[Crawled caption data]
+--
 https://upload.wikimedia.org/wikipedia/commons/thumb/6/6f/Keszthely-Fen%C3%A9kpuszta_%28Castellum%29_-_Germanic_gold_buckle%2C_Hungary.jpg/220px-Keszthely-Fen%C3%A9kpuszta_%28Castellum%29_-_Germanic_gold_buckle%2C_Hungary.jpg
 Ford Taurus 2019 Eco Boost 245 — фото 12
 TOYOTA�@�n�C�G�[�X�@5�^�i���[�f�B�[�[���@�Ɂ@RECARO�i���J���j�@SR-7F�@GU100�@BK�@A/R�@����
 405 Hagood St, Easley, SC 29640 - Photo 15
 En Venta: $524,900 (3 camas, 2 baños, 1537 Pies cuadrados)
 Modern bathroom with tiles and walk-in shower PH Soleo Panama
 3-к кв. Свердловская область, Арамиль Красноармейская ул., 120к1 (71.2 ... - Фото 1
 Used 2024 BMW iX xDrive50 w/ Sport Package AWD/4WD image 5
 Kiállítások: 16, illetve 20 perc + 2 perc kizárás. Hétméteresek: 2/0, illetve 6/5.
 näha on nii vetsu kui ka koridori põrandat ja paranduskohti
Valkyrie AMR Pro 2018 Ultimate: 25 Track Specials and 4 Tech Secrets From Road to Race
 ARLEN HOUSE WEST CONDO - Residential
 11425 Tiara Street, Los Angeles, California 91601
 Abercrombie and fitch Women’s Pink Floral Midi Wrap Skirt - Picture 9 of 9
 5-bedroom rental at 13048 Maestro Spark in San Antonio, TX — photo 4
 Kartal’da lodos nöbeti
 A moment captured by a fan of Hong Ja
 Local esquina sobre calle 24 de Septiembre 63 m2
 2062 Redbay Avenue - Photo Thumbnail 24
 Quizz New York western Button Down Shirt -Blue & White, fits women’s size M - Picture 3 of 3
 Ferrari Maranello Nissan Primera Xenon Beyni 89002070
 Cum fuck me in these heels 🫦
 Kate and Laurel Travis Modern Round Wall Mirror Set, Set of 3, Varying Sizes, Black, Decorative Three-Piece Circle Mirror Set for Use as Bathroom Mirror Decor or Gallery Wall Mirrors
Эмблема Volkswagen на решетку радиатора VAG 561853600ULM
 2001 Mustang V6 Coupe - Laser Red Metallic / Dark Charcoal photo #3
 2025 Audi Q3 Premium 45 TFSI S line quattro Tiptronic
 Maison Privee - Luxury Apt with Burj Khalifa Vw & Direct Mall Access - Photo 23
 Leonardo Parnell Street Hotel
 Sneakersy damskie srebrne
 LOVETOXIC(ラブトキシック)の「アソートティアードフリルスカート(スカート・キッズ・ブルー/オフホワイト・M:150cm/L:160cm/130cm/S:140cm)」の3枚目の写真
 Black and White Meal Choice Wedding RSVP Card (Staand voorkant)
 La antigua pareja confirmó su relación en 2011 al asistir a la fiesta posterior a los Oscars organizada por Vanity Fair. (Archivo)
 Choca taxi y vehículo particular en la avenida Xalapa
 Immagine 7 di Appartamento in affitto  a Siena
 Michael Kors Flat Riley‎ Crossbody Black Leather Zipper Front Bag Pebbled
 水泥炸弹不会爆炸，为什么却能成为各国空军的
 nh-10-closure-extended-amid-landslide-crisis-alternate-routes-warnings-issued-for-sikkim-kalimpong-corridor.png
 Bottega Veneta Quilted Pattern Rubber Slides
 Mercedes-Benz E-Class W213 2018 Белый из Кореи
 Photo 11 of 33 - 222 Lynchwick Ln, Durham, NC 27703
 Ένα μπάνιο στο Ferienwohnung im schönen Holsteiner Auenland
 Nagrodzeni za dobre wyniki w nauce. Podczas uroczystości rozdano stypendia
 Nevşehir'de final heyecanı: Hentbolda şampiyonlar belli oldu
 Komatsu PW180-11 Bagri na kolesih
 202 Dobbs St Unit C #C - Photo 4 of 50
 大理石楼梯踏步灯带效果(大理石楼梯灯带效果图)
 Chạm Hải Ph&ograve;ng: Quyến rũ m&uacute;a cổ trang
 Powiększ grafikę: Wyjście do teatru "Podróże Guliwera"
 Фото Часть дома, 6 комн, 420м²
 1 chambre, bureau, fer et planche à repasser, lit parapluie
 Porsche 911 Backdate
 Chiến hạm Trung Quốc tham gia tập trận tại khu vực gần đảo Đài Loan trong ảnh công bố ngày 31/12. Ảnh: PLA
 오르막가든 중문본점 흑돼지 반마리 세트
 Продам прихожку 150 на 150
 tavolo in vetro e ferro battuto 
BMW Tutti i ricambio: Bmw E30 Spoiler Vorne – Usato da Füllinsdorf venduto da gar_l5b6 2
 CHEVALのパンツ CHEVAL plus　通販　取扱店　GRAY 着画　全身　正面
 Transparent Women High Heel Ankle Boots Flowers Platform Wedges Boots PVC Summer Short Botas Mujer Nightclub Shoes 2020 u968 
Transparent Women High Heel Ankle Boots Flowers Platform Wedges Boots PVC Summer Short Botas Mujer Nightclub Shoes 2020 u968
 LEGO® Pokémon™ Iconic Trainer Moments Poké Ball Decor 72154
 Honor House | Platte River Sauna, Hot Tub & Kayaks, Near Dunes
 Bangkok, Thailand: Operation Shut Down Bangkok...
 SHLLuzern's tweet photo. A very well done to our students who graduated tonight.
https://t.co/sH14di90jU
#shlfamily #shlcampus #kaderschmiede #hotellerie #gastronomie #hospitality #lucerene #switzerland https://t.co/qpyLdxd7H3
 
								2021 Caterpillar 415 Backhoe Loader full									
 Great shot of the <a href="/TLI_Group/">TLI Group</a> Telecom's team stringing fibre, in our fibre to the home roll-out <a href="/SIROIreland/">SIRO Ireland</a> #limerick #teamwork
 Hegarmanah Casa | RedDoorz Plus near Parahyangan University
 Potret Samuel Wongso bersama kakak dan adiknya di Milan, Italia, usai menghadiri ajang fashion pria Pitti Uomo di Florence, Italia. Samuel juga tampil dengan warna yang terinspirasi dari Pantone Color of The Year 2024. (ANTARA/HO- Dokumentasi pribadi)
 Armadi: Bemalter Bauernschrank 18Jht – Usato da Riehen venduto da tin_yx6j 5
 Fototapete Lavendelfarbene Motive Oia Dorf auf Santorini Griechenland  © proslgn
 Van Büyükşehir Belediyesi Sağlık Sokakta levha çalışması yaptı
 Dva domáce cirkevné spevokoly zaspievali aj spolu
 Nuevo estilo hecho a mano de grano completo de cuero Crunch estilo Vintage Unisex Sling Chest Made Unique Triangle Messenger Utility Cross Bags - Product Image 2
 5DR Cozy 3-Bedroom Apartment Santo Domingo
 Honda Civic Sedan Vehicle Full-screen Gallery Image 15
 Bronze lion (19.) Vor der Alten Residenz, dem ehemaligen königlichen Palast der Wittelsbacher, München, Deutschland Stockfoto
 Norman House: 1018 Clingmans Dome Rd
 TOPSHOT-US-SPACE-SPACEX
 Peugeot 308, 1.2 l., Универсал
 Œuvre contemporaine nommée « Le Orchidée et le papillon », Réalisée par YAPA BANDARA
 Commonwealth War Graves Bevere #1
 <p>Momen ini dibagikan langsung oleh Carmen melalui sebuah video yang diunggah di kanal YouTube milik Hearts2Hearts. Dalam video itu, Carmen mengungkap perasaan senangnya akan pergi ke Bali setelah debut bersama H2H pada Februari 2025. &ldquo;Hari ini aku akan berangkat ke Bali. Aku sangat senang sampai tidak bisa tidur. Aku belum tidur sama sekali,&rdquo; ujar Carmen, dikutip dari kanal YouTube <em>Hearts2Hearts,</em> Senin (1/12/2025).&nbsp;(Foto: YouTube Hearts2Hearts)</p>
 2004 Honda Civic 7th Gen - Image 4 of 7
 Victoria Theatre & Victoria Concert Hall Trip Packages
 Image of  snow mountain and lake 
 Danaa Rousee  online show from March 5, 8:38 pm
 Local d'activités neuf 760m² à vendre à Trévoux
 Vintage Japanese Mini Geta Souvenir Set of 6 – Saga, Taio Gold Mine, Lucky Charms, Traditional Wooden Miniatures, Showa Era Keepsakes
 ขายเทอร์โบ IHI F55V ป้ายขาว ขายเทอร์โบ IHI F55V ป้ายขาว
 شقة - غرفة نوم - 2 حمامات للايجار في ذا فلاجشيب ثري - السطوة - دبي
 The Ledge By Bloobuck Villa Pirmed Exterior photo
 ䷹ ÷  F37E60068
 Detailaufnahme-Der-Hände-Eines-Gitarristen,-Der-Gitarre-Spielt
+--
### What is needed
Only the count is wanted. Count the lines of the data above that include the string "Ankle".

### Reply to the exercise
2